= James Towers English =

James Towers English (22 February 1782 – 26 September 1819) was an Anglo-Irish commander of British Legions forces in the Spanish American wars of independence.

== Biography ==
James Towers English was the son of a well-to-do Dublin merchant. He went into business supplying horses to the British Army until his company went bankrupt, then took a job with the army Commissariat as a clerk. In May 1817 he met Luis López Méndez, the representative of Simon Bolívar in London. Claiming to have been a cavalry lieutenant, he was made a captain in the '1st Venezuelan Hussars' and sailed for South America in December 1817. He fought with distinction at the battle of Ortiz on 26 March 1818, and was promoted to full colonel and appointed second-in-command of the British Guard of Honor led by James Rooke.

In May 1818, he signed a contract with the Patriot government to recruit and equip a British force of 1,000 men, in return for which he was promised £50 per head and a General's commission. By painting a rosy picture of pay and conditions in South America, he succeeded in recruiting between 1,000 and 2,000 mercenaries, who sailed during the following months. English returned to Venezuela and landed on Margarita Island in mid-April, 1819 where he was confirmed in the rank of Brigadier General and was given command of all the foreign mercenaries, as subordinate to Venezuelan General Rafael Urdaneta.

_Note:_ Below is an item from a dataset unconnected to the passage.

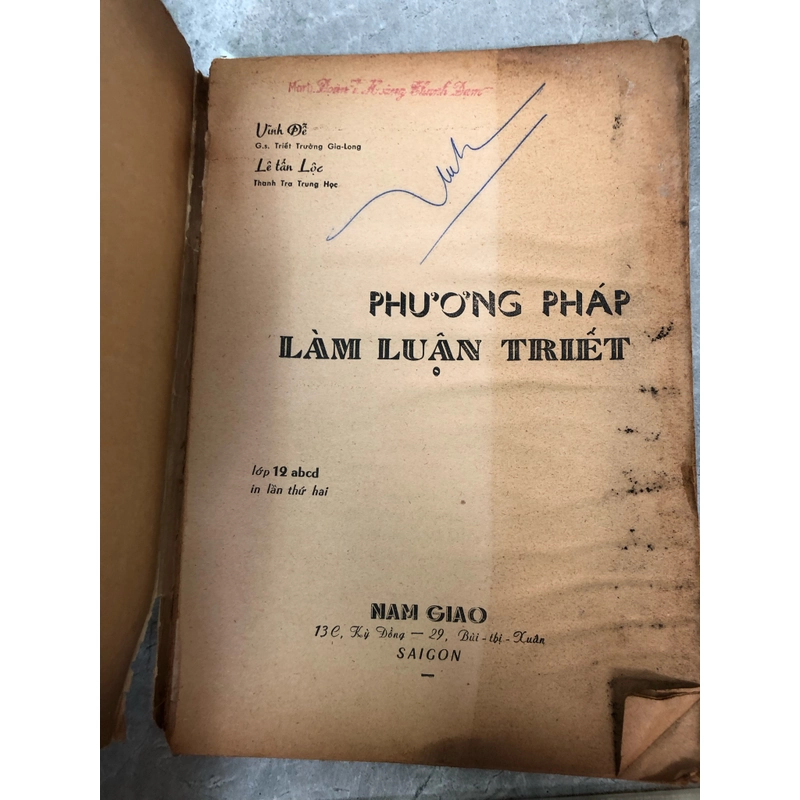 PHƯƠNG PHÁP LÀM LUẬN TRIẾT 12  443088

In July 1819 he participated in storming the fortress of El Morro, which guarded the city Barcelona. His troops looted the city, drank all the alcohol they could find and devastated their section of the town. On August 7 1819 Urdaneta's army attempted to storm Maturín but failed after grievous losses in their assault against Fort Agua Santa, while General English remained in the rear pleading sickness. With his authority destroyed, English was replaced as leader of the British Legion by Colonel John Blossett. English retired to Margarita Island where he died of illness on 26 September 1819 and is buried in a cemetery overlooking Juan Griego Bay. His wife, Mary, remained in Colombia and married the English trader William Greenup.